“We’ll have that young Irishman of yours out of the woods in ten days,” he said to Freda, and she had no doubt of it.
The difficulty was not in the progress of the disease but in Gregory’s own debility. He was not so well a few days later. The doctor talked gravely of exhaustion and Freda picked up from the reluctant nurse that exhaustion during the third week was dangerous—that one might die because of it.
For the first time she was fearful. Here was nothing you could combat for him. Here was a slow slipping away. He did not often talk now. Almost all the time he lay, incredibly thin, mournfully haggard against his pillow, too tired even for Freda to call back.
She thought about death. One day she passed a room in which a man was dying. She heard the raucous gasp from the filling lungs and trembled. They brought a priest. She wondered. If Gregory should die, would he too have a priest to guide him out? She supposed that usually you sent for a minister or priest. A month before the mere suggestion that a soul needed ushering into immortality would have seemed absurd to her healthy pagan young mind, but now, with the severing of the thread so possible, with the limits of the unknown receding even while they grew close she wondered.
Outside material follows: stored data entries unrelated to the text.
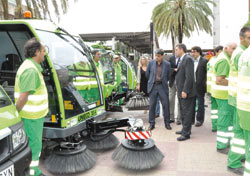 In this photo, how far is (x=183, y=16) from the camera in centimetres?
1816

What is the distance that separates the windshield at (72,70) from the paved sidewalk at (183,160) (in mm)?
1087

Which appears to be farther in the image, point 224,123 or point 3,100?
point 224,123

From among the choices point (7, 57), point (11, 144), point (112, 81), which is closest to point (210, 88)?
point (112, 81)

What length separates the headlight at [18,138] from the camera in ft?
8.48

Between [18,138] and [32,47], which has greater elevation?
[32,47]

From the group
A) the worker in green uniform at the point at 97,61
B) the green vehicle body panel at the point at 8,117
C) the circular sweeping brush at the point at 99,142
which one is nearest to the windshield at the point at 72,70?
the worker in green uniform at the point at 97,61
Gregory was not formally religious but in his poems he had seemed so conscious of God.
“Most poets write of women—but you write only of God and Ireland.” So she had said to him, she remembered, and he had answered.
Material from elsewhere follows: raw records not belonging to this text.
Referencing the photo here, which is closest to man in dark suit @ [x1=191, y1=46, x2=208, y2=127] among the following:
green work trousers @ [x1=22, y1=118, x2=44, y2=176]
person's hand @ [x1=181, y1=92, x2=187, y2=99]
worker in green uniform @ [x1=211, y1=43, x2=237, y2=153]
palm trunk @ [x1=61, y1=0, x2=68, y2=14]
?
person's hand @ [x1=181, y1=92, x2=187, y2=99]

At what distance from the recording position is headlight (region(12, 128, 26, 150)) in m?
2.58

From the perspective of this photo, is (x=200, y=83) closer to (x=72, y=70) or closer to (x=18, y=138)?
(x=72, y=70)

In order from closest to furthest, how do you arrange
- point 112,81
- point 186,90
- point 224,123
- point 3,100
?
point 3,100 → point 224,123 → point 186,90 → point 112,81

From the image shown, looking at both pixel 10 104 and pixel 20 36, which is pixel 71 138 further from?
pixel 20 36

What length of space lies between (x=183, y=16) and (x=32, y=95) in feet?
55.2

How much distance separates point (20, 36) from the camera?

“I shall write of woman now, dear heart.”
She went softly to his door. No change. Well, she should go to the hotel for an hour—But the nurse stopped her.
“Mrs. Macmillan, he is not so well. The doctor thinks these next twelve hours will be the worst. If you wish to leave I think it will be all right. If not, I can see that you get a supper tray and if he is better in the night you can take my cot.”
Freda felt a strange chill rushing over her.
“I’ll stay.” She looked at Gregory. “Worse? He looks just the same.”